***** Stored data

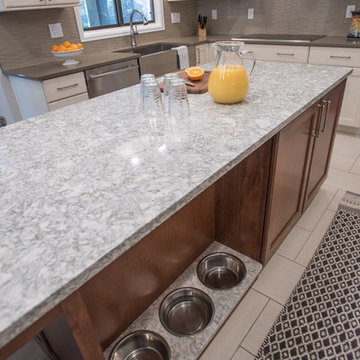 Built-in Dog Bowls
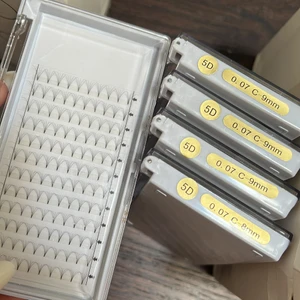 Fransar - 5D 9mm och 8mm. 5 askar för 250kr!! Perfekt för dig som vill öva på volym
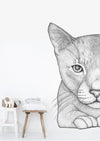 Catherine the Cat Removable Wall Decal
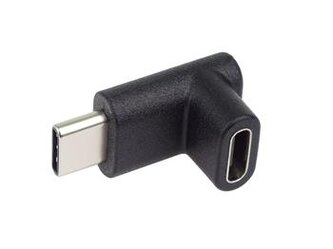 PremiumCord Adaptér USB-C/male - C/female zahnutý 90°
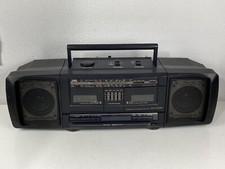 JVC PC-BW100K Super Bass Horn Portable Boombox Hifi Stereo Tape Cassette Player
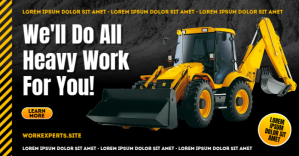 CONSTRUCTION BANNER Isithombe Esabiwe ku-Facebook template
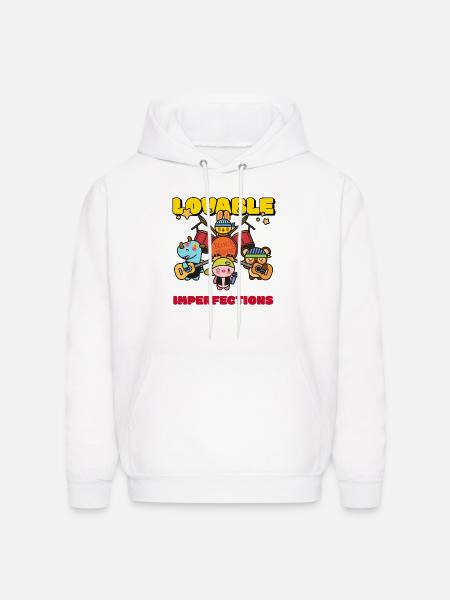Lovable Imperfections Rock Band - Men's Hoodie - white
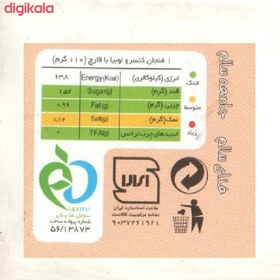 تصویر کنسرو لوبیا چیتی با قارچ انتخاب – 420 گرم 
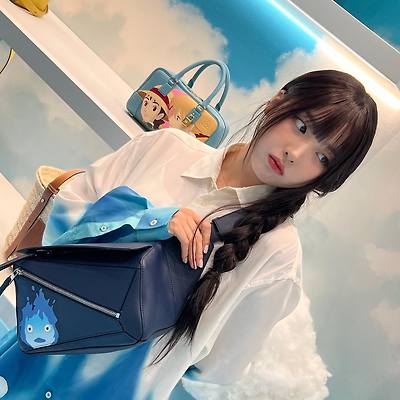 엔믹스 지우 로에베 인스타그램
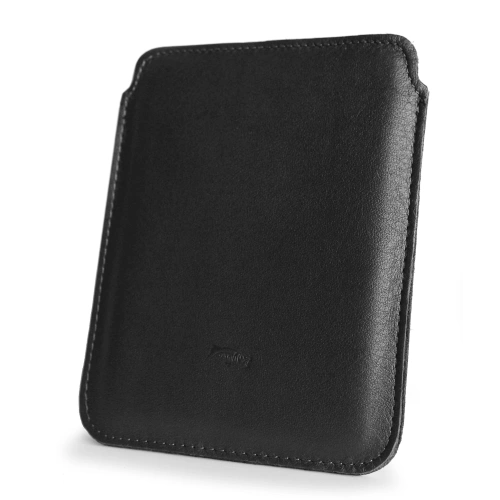 LURESKO MASTER S Leather Case for eBook 162x113x9mm (black smooth black thread)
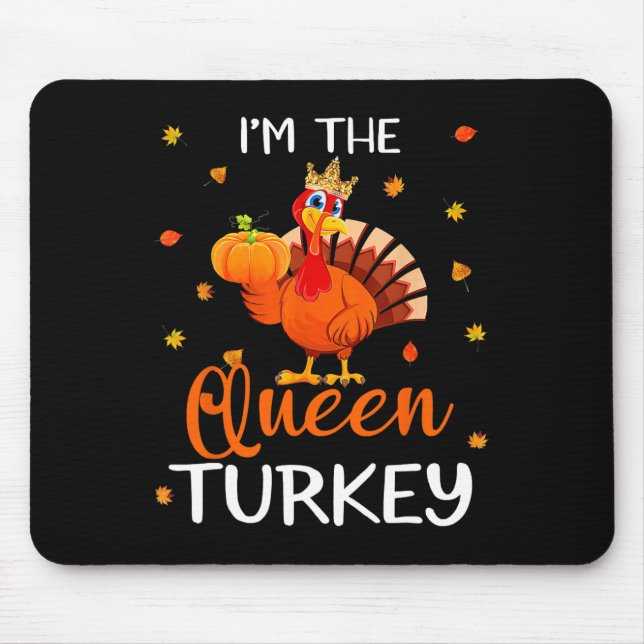 Erntedank der Türkei Königin Türkei Herbst L Mousepad (Vorne)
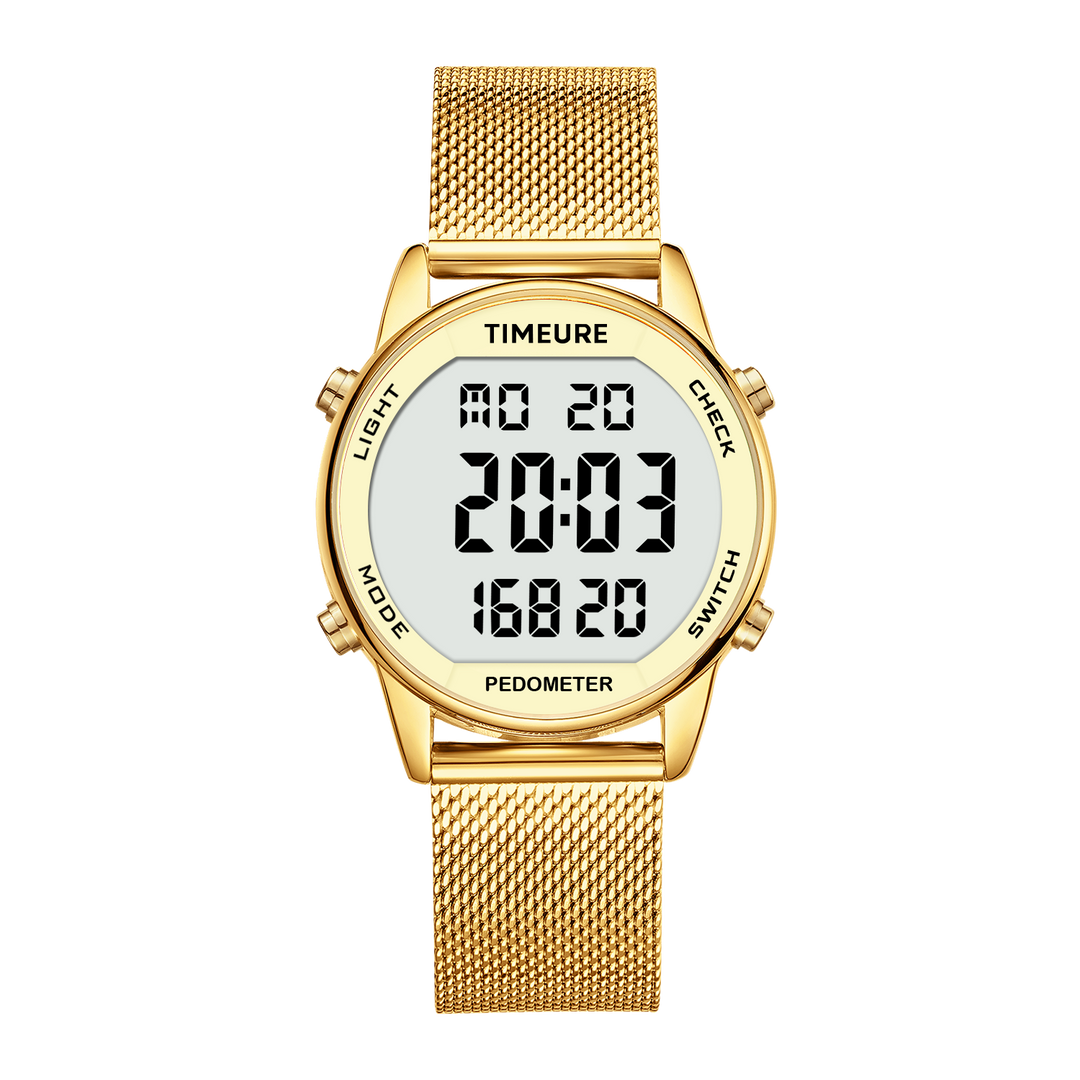 Addison TIMEURE Ladies' Waterproof Pedometer Watch 2401-Steel Tape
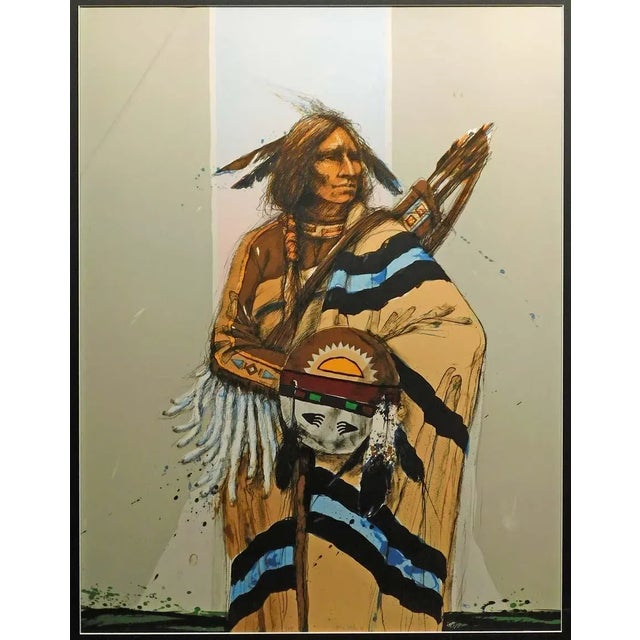 Impressionist Larry Fodor "Kiasax" Original Limited Edition Lithograph For Sale - Image 3 of 6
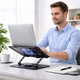 Підставка для ноутбука Hoco DH27 з вентилятором, 1200rpm, 17", Black - зображення 7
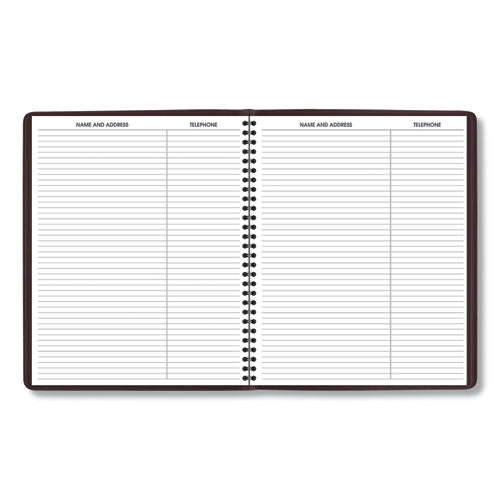 Monthly Planner, 11 X 9, Winestone Cover, 15-month: Jan 2026 To Mar 2027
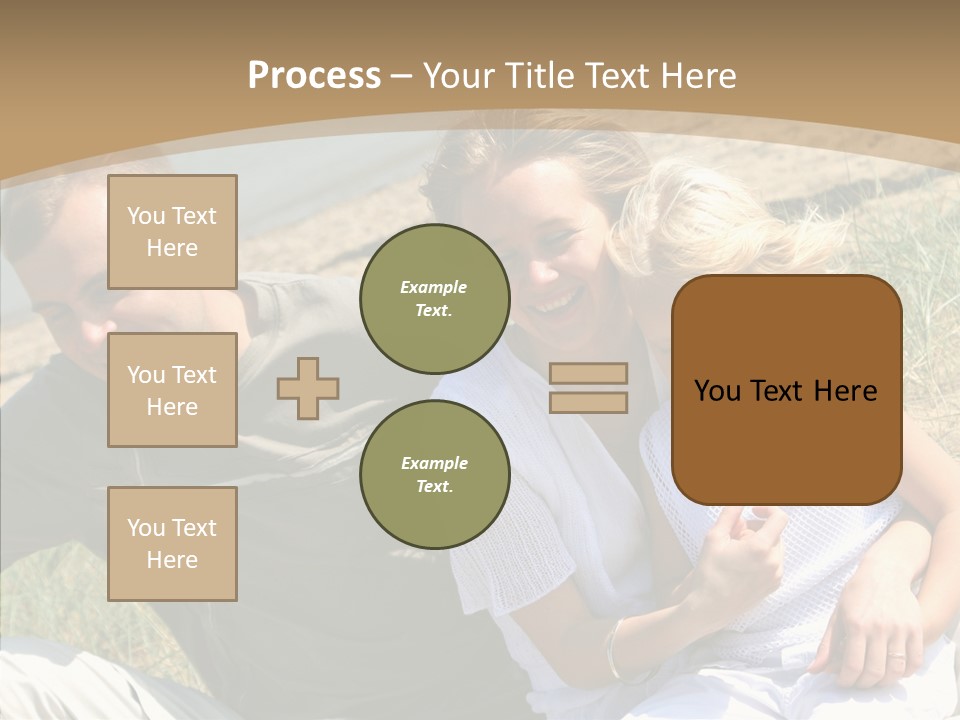Father Woman Joy PowerPoint Template
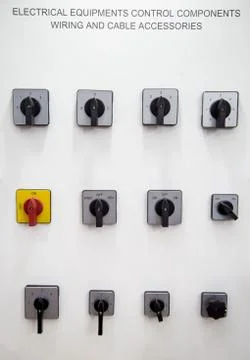 Variety of switchboard Stock Photos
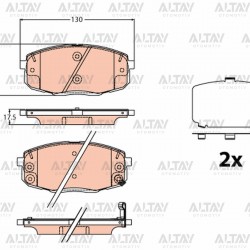 FREN BALATA KONA 17= / SOUL 15= ÖN / 15 JANT İÇİN FREN BALATA KONA 17= / SOUL 15= ÖN / 15 JANT İÇİN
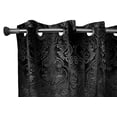 thumbnail image 4 of Grommet Curtain Velvet Embossed Victorian Damask Curtain Panel 54 Inch Wide, 4 of 7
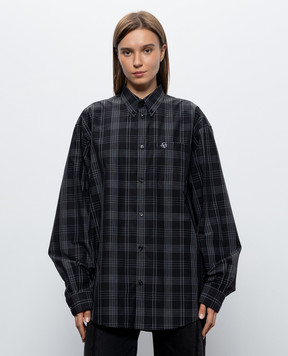 Vetements Black checkered shirt MH27SH059BCw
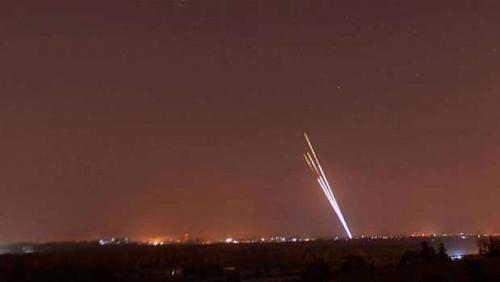 URGENT Israeli occupation forces monitored 180 rockets from Gaza towards Israel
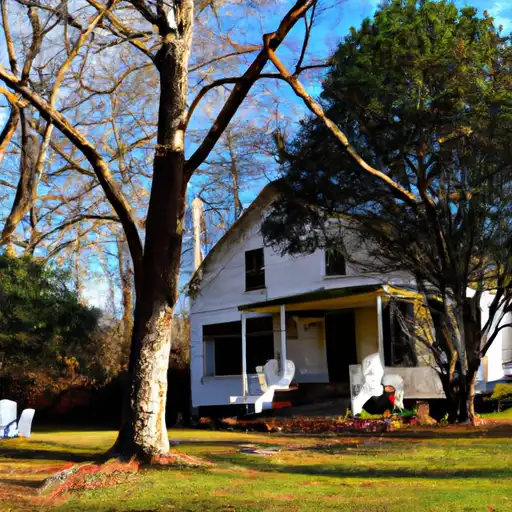 Rural homes in Pender, North Carolina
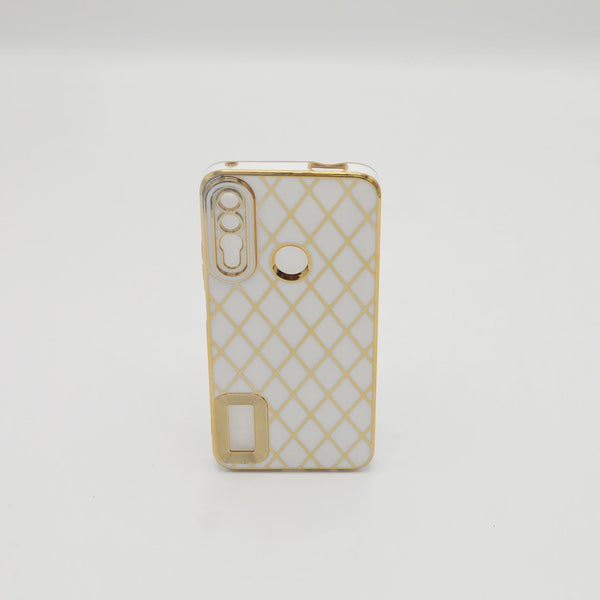 Huawei Mobile Pouch Y6 Prime 2019 Fancy Chrome White Rs 500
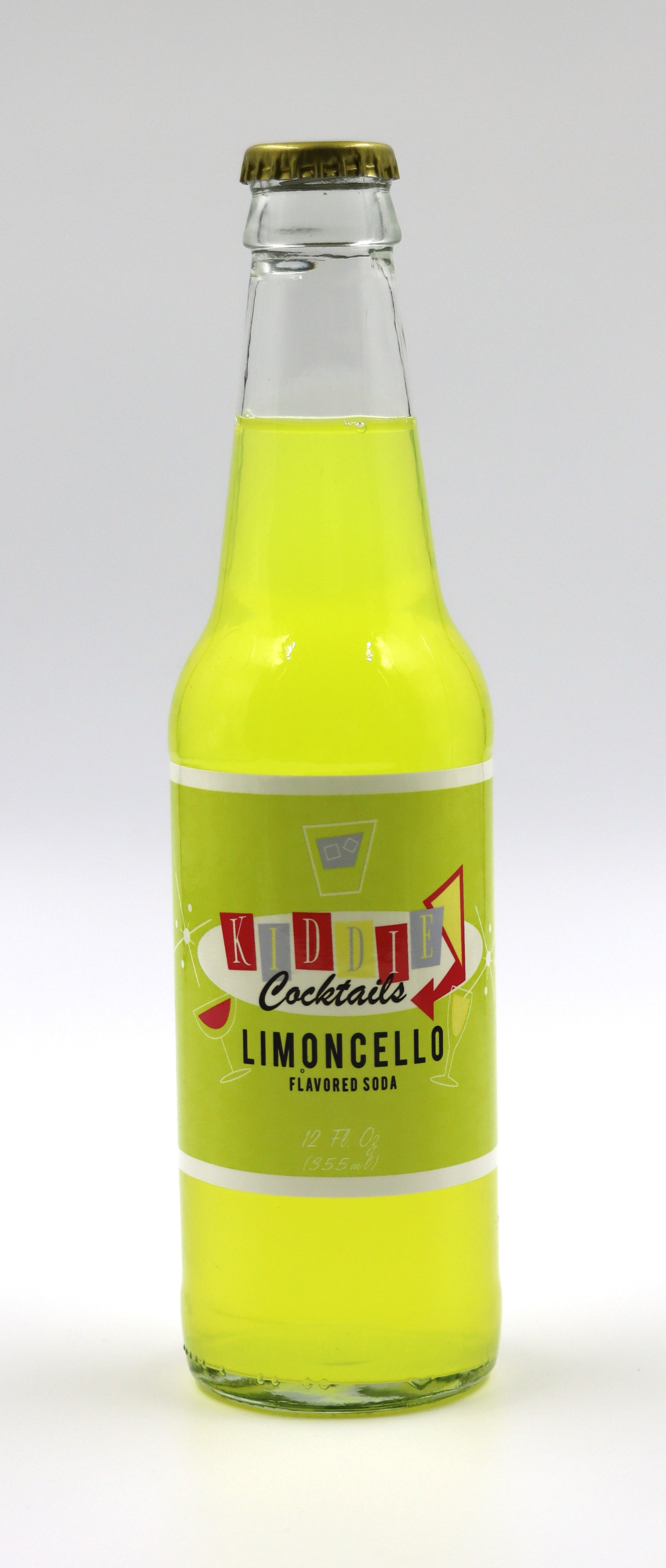 Kiddie Cocktails Limoncello Flavored Soda 24ct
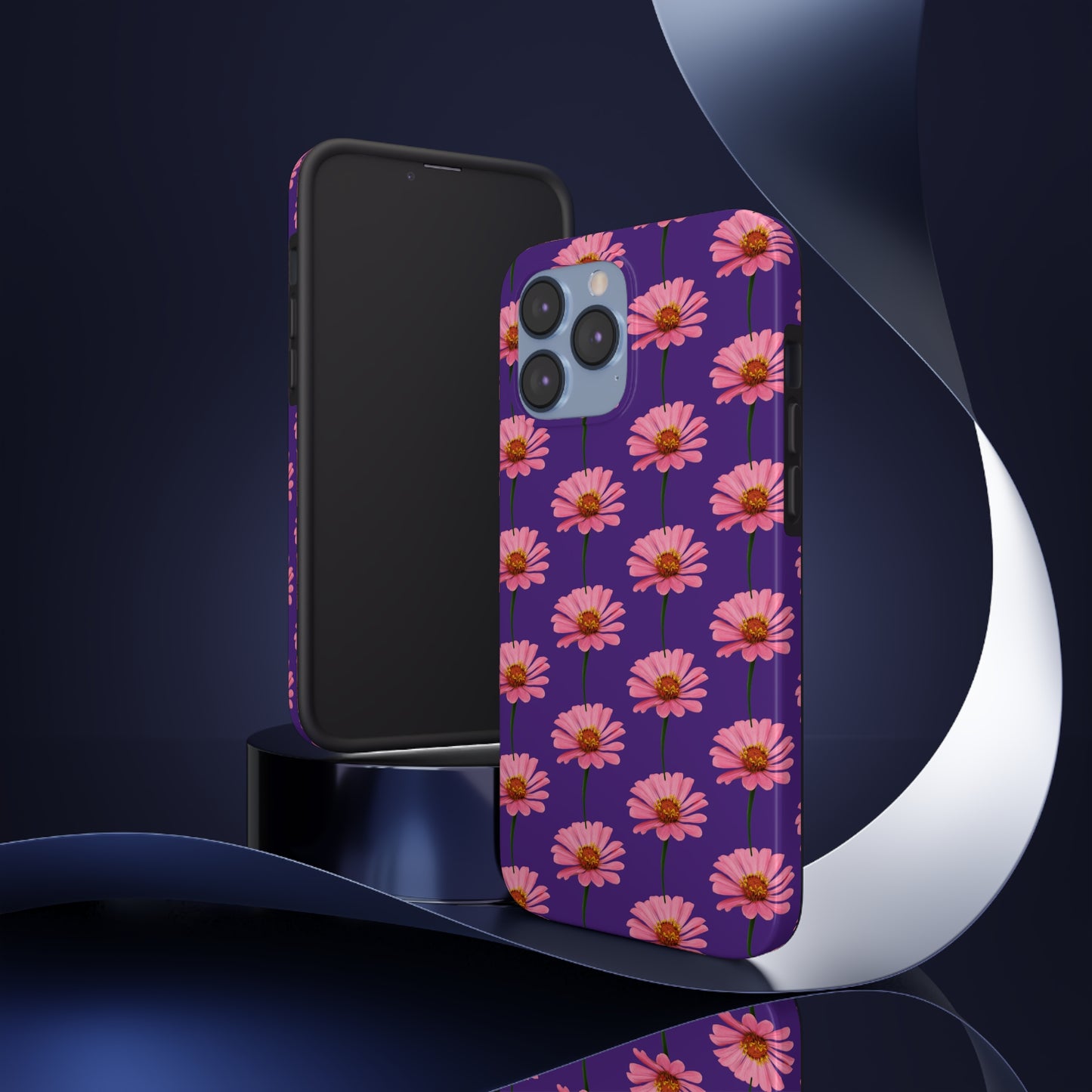 Pink Zinnia Purple Tough Phone Case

**********

## Task directions
Above are the records; return the lines in them from the one with "Catherine the Cat Removable Wall Decal" to the one with "JANT İÇİN FREN", inclusive, exactly and without images.

## Your solution
 Catherine the Cat Removable Wall Decal
 PremiumCord Adaptér USB-C/male - C/female zahnutý 90°
 JVC PC-BW100K Super Bass Horn Portable Boombox Hifi Stereo Tape Cassette Player
 CONSTRUCTION BANNER Isithombe Esabiwe ku-Facebook template
Lovable Imperfections Rock Band - Men's Hoodie - white
 تصویر کنسرو لوبیا چیتی با قارچ انتخاب – 420 گرم 
 엔믹스 지우 로에베 인스타그램
 LURESKO MASTER S Leather Case for eBook 162x113x9mm (black smooth black thread)
 Erntedank der Türkei Königin Türkei Herbst L Mousepad (Vorne)
 Addison TIMEURE Ladies' Waterproof Pedometer Watch 2401-Steel Tape
 Impressionist Larry Fodor "Kiasax" Original Limited Edition Lithograph For Sale - Image 3 of 6
 Підставка для ноутбука Hoco DH27 з вентилятором, 1200rpm, 17", Black - зображення 7
 Monthly Planner, 11 X 9, Winestone Cover, 15-month: Jan 2026 To Mar 2027
Father Woman Joy PowerPoint Template
 Variety of switchboard Stock Photos
 FREN BALATA KONA 17= / SOUL 15= ÖN / 15 JANT İÇİN FREN BALATA KONA 17= / SOUL 15= ÖN / 15 JANT İÇİN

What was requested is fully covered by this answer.